The Government is absolutely clear that abusive and threatening behaviour online – whoever the target - is totally unacceptable.
There is a number of offences which may be committed by those abusing others on social media. Internet communication which is grossly offensive or menacing may fall under section 127 of the Communications Act 2003. Sending indecent, grossly offensive or threatening material to another with the purpose of causing distress or anxiety to a person to whom the material is communicated, including by means of the internet, is also an offence under the Malicious Communications Act 1988.
Internet abuse could also amount to an offence under the Protection from Harassment Act 1997 if its distribution is carried out as part of a ‘course of conduct’ which alarms a person or causes distress.
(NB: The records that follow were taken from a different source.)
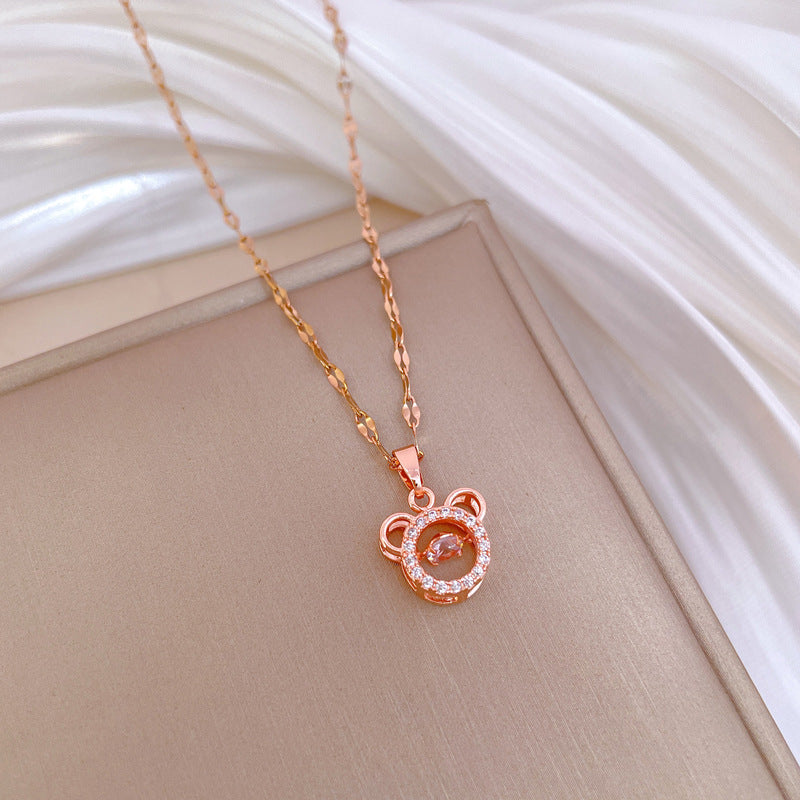 Collana con ciondolo a luna geometrica minimalista da donna e da uomo Catena in acciaio inossidabile con charm in rame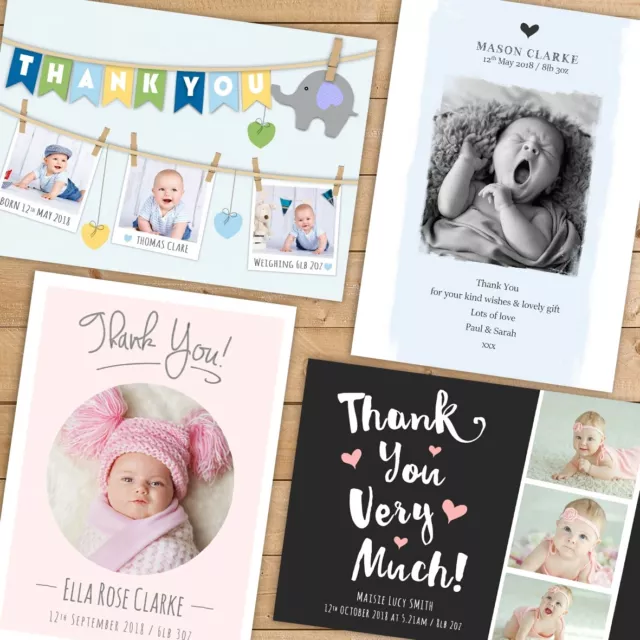 Personalised Thank You Cards ~ Baby Boy or Girl Birthday Christening. (B3)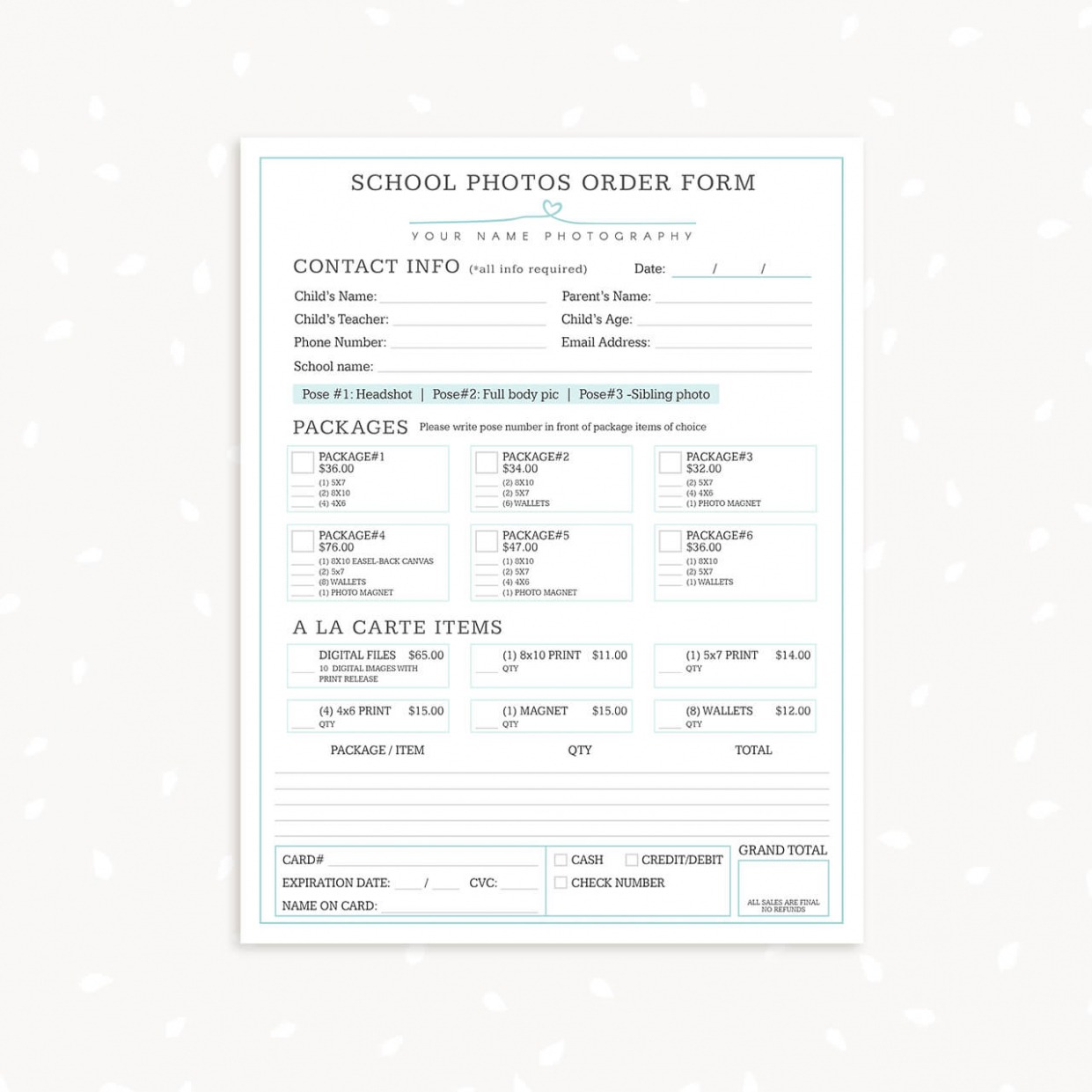 Editable School Picture Order Form Template PDF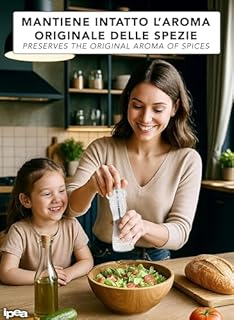 IPEA Macinapepe Manuale Trasparente per Pepe, Peperoncino e Sale - Altezza - Piccolo Macina Pepe Classico da Cucina con Smerigliatrice in Metallo per Macinare Spezie, Cumino, Sesamo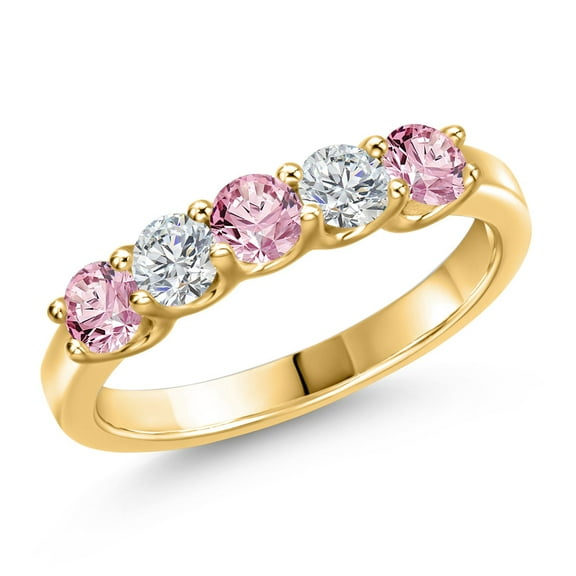 Gem Stone King 18K Yellow Gold Plated Silver Pink and White Lab Grown Diamond Wedding-Bands Ring for Women | 0.88 Cttw | Round 3.5MM | Gemstone April Birthstone | Size 6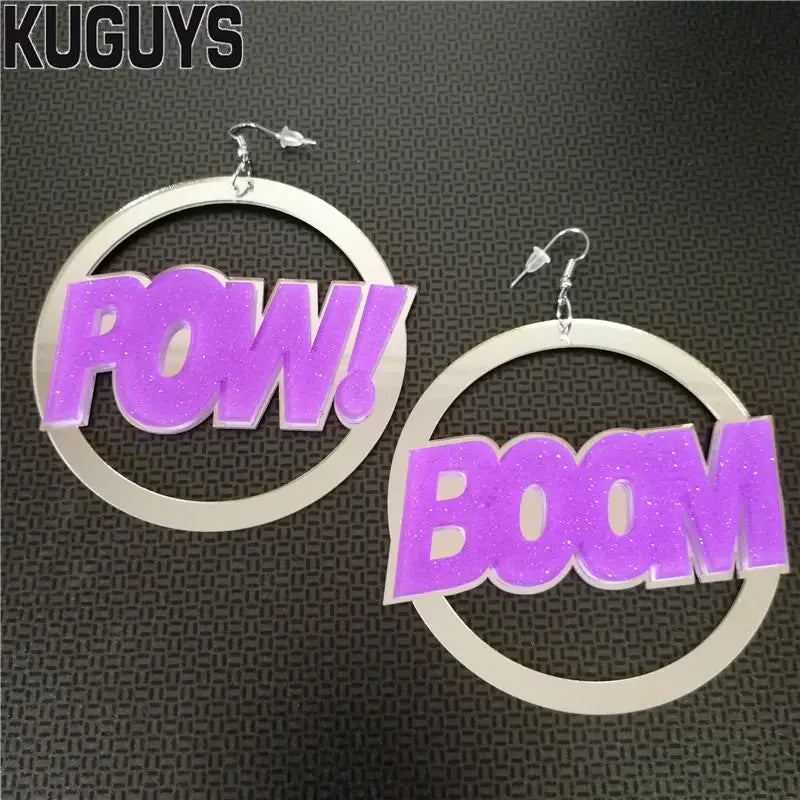 KUGUYS Pow Boom Round Earrings for Women Acrylic Jewelry Letter HipHop Punk Rock Drop Ear Accessories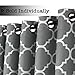 H.VERSAILTEX Extra Wide Blackout Curtain 100x84 Inches Thermal Insulated Curtain for Sliding Glass Door -Grommet Top Patio Door Curtain - Moroccan Tile Quatrefoil Pattern, Grey and White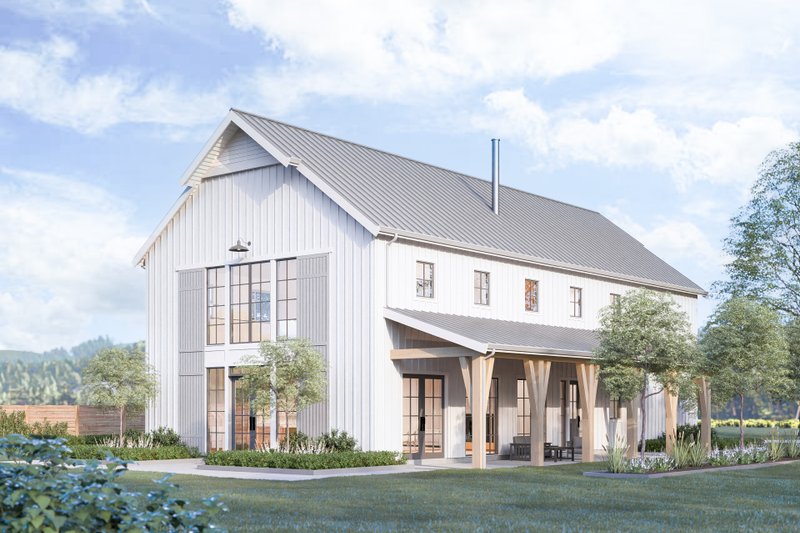 House Blueprint - Exterior - Rear Elevation for Barndominium House Plan #1114-63 - 4 bed, 3.5 bath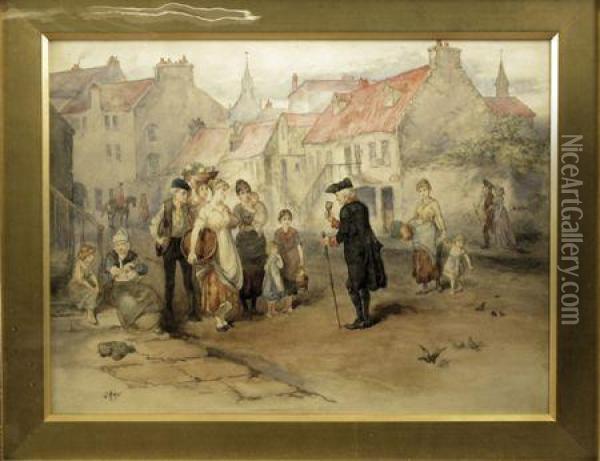 The Town Crier Oil Painting - George H. Hay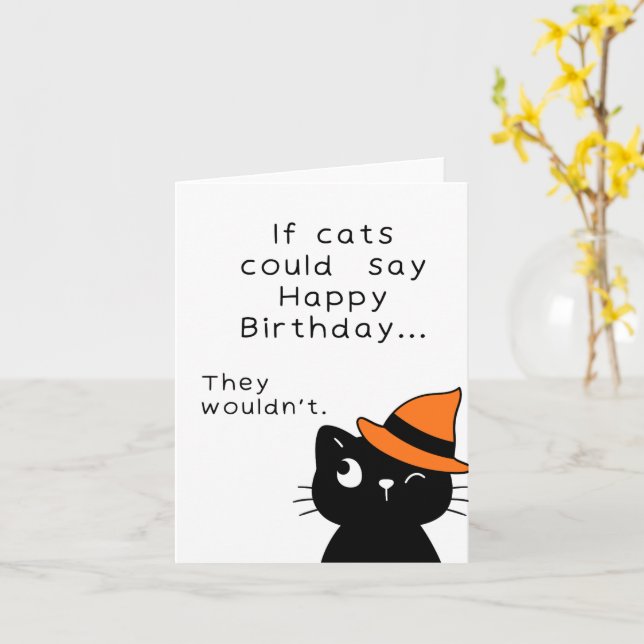 Drôle Halloween Chat noir Carte d'anniversaire (Fleur jaune)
Under section 4 of that Act, it is also an offence to pursue a course of conduct that repeatedly puts someone in fear of violence.
Changes to the law being taken forward in the Criminal Justice and Courts Bill will increase the maximum penalty for offences under the Malicious Communications Act 1988 to 2 years imprisonment, and extend the time within which prosecutions under section 127 of the Communications Act 2003 may be brought, to up to three years, as opposed to the current six month limit.
A new criminal offence of disclosing private sexual photographs and films without the consent of the individual appearing in the photograph or film and with intent to cause them distress is also being created in the Criminal Justice and Courts Bill. This is intended to deal with the behaviour commonly known as ‘revenge porn’. The offence will carry a two year maximum prison sentence.
These steps will help to ensure that people who commit these awful crimes are prosecuted and properly punished.